A third crucial feature is the importance of a pension plan’s size when investing in less liquid assets. Both countries have a highly fragmented pensions scene. Private, unlisted infrastructure investing is primarily driven by large-scale funds – some of them with allocations of 10% or more – while smaller funds mostly invest little to nothing.
Fourth, asset owners need adequate resources, especially when investing directly: governance, management, operational, legal. Some Canadian plans admit that their own estimates of time and other inputs were too optimistic at the outset. Some smaller pension funds try to co-invest alongside larger ones, and there is much talk about different models of investment alliances and syndication.
In terms of performance, the experience has been mixed to fairly positive in both countries, but it varies considerably from investor to investor. Unfortunately, the data is still surprisingly poor. Many assets and products produce more or less the expected income and return profile.
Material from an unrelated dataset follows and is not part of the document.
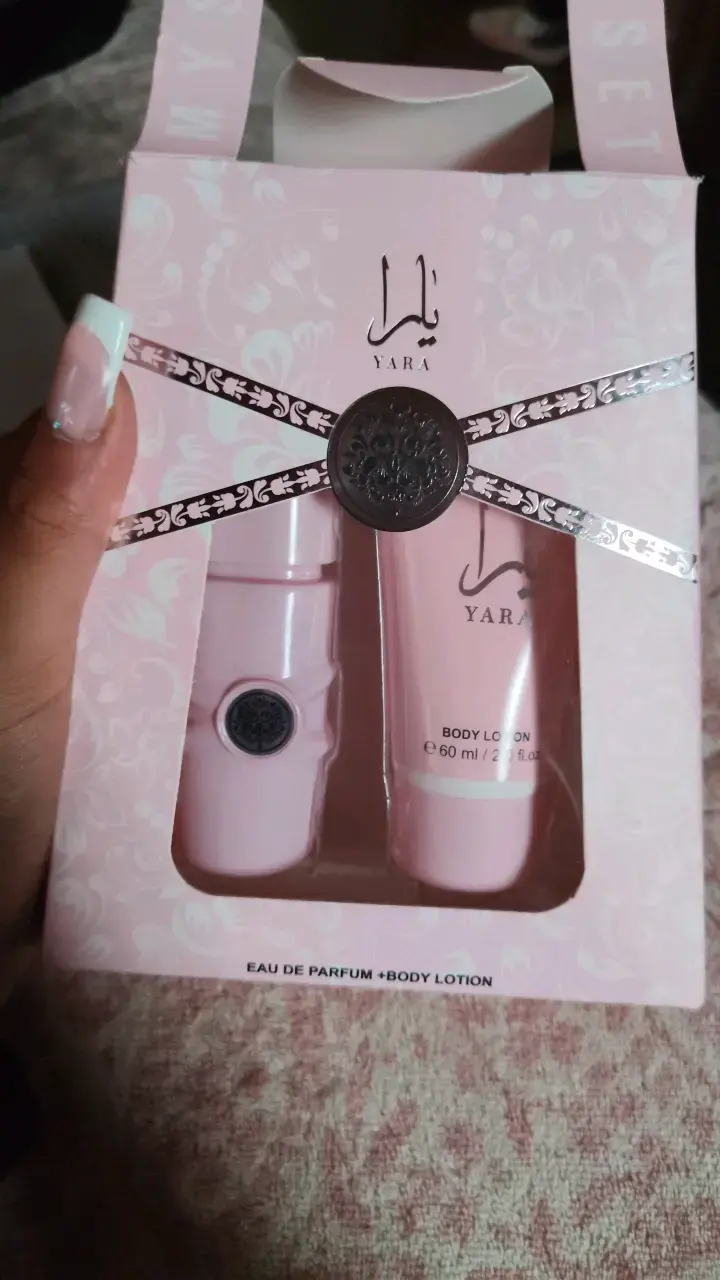 Set de Perfume y Loción Corporal Yara - 3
However, there have been disappointments during and after the financial crisis, and those can weigh heavily in highly concentrated portfolios.
Some of the lessons learned the hard way are:
• Overly optimistic demand projections and overvaluation of assets during the boom years (especially in the mid-2000s);
• Poor risk assessment (for example, demand risk of transport assets) and risk management (for example, excessive leverage);
• Market volatility of listed infrastructure funds (the ‘old Australian model’);
• Governance and fee issues with infrastructure funds;
• Pitfalls of investing in lesser-known overseas jurisdictions.
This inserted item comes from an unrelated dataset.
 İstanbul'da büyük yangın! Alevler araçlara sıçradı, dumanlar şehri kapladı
Important lessons can be learnt not only by investors but also policy makers. Governments in many countries would like to push more private capital into new (preferably domestic) infrastructure projects. However, most insurance companies and pension funds are mainly interested (or able) to invest in low-risk, operating assets.
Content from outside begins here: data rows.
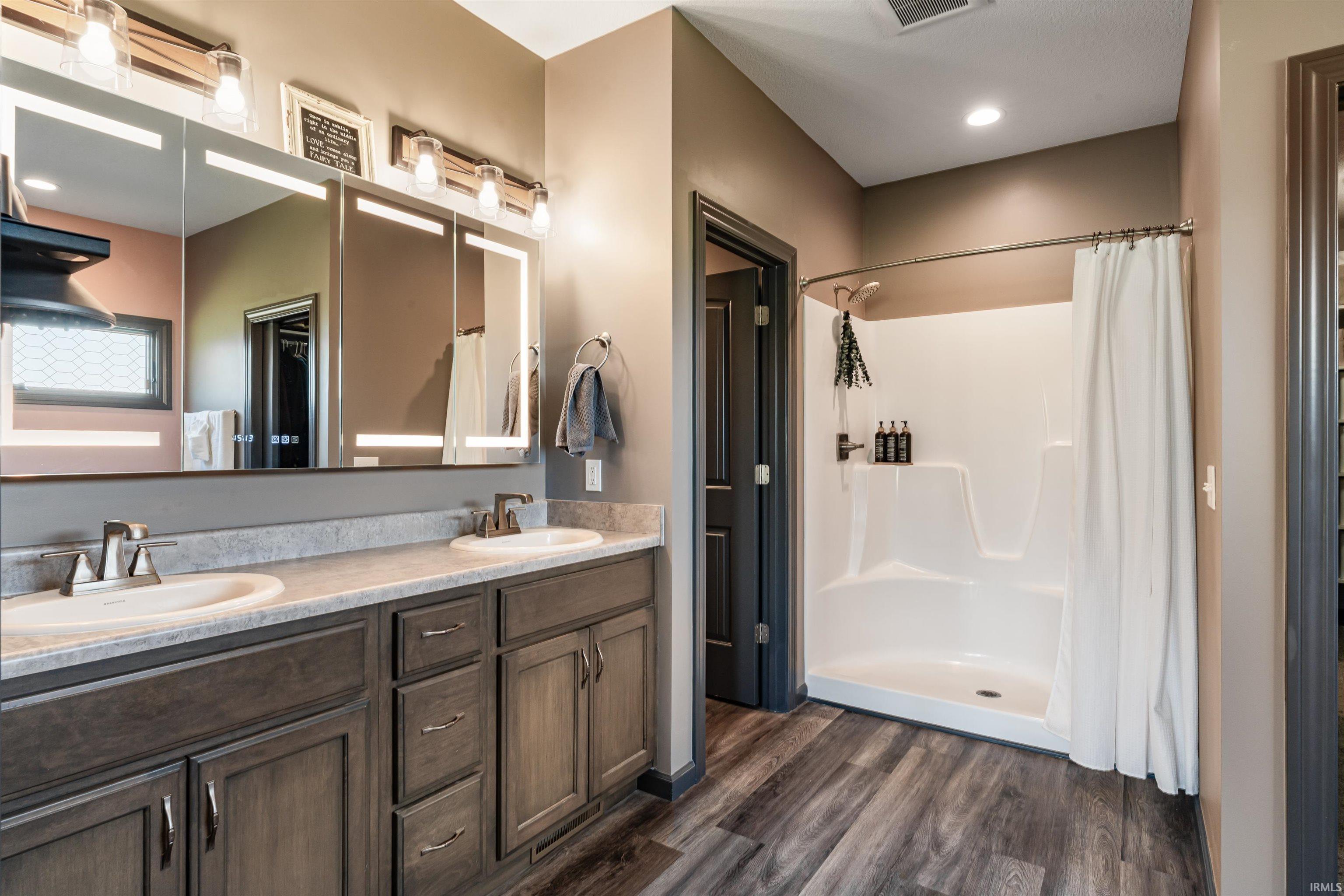 12757 South W County Line Road Roanoke, IN 46783 - Photo 19 of 36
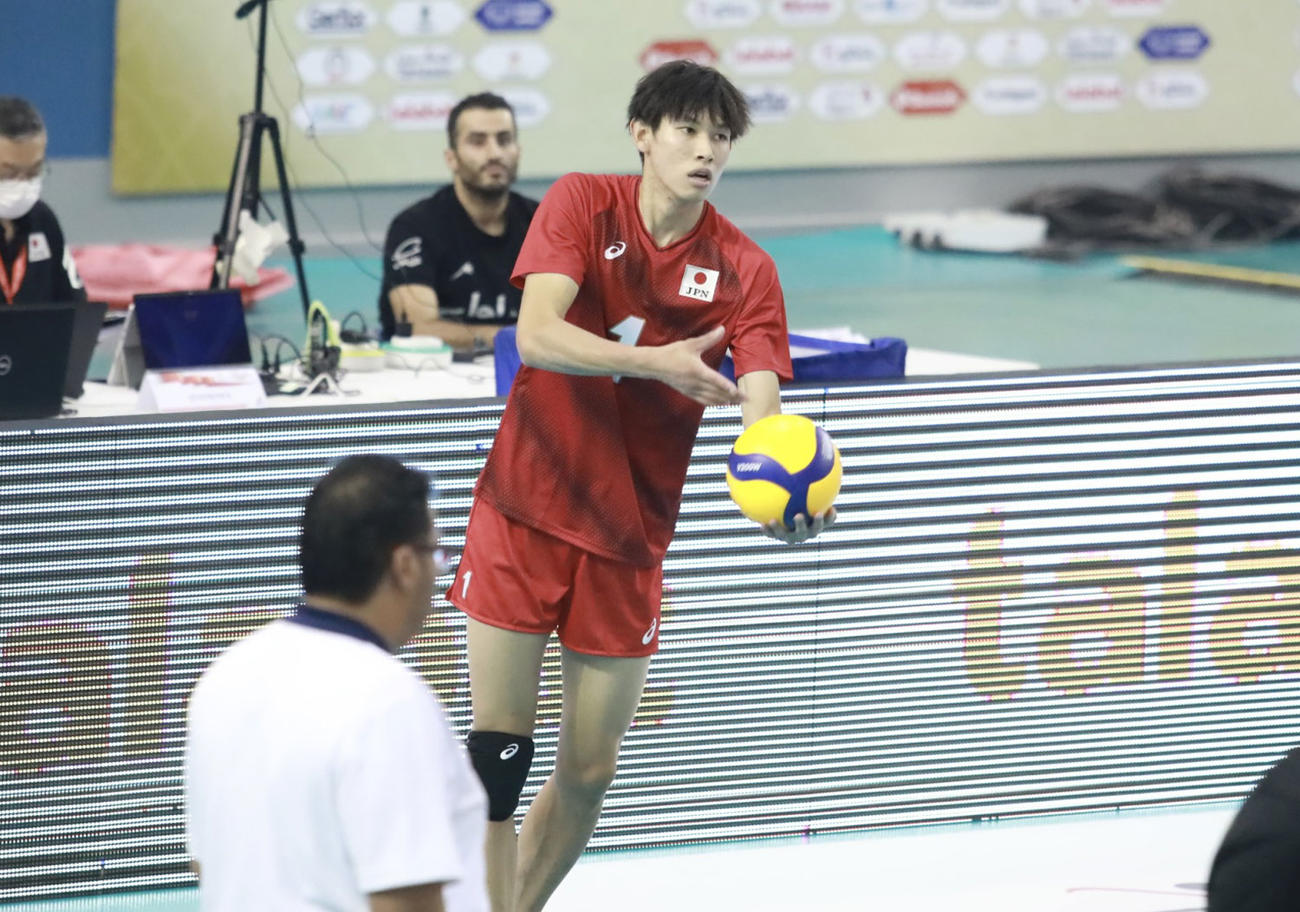 22年8月、バーレーンで行われたアジアU－20バレーボール選手権でサーブに臨む西山（C)AVC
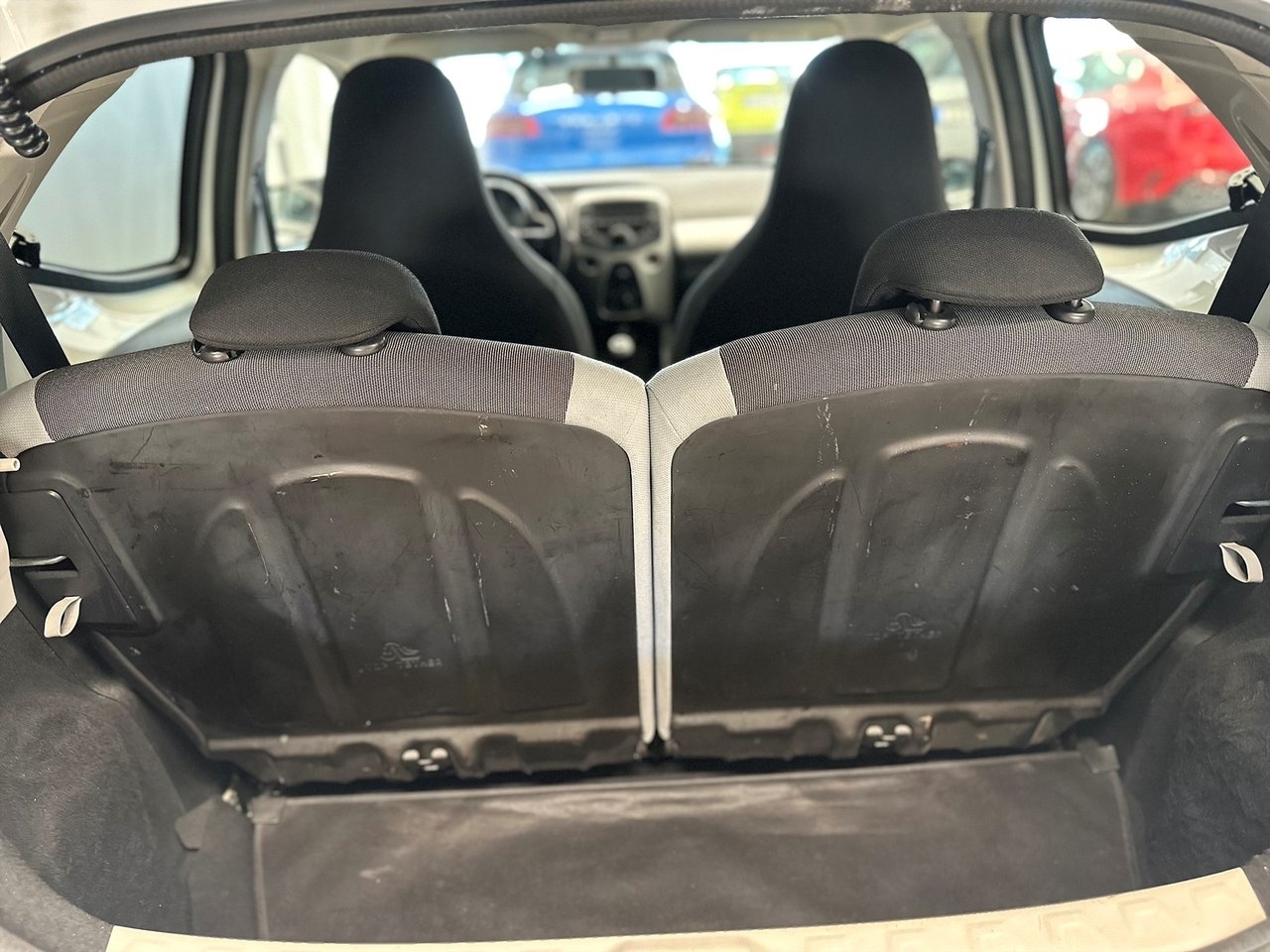 Toyota Aygo 5-dörrar 1.0 VVT-i Manuell 2015, bild 6/10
Therefore, the idea of ‘asset recycling’ is popular in Australia – that is, the sale of old public assets to finance new projects. The administrations of both countries have consulted investors and the infrastructure industry in their PPP reform projects in recent times.
So far, the focus of Australian and Canadian pension funds has been primarily on equity. Although the interest on debt is rising, there is no such urgency for long-term investors to substitute banks as perceived in Europe. Project bonds play a much bigger role in North America, but such markets cannot be jump-started overnight. In Canada, insurance companies have been involved in long-term debt for decades while banks have traditionally only lent short.
From the outset, infrastructure has been a global asset class with surprisingly little home bias. Australia’s pension funds increasingly seek opportunities overseas. In Canada, PPP projects tend to be too small for large investors which invest most of their capital in larger ones in Europe and elsewhere. However, investors express concerns about the supply side, such as inconsistent infrastructure policies, the lack of a suitable project pipeline, retroactive changes of rules and regulations and political instability.
Following the example of institutional investors in these two countries, the demand for infrastructure assets is potentially very high. Many countries are competing for private capital, often with attractive sweeteners. For investors, however, it will remain difficult to bypass the traps of political opportunism and cyclical over-valuation of good assets.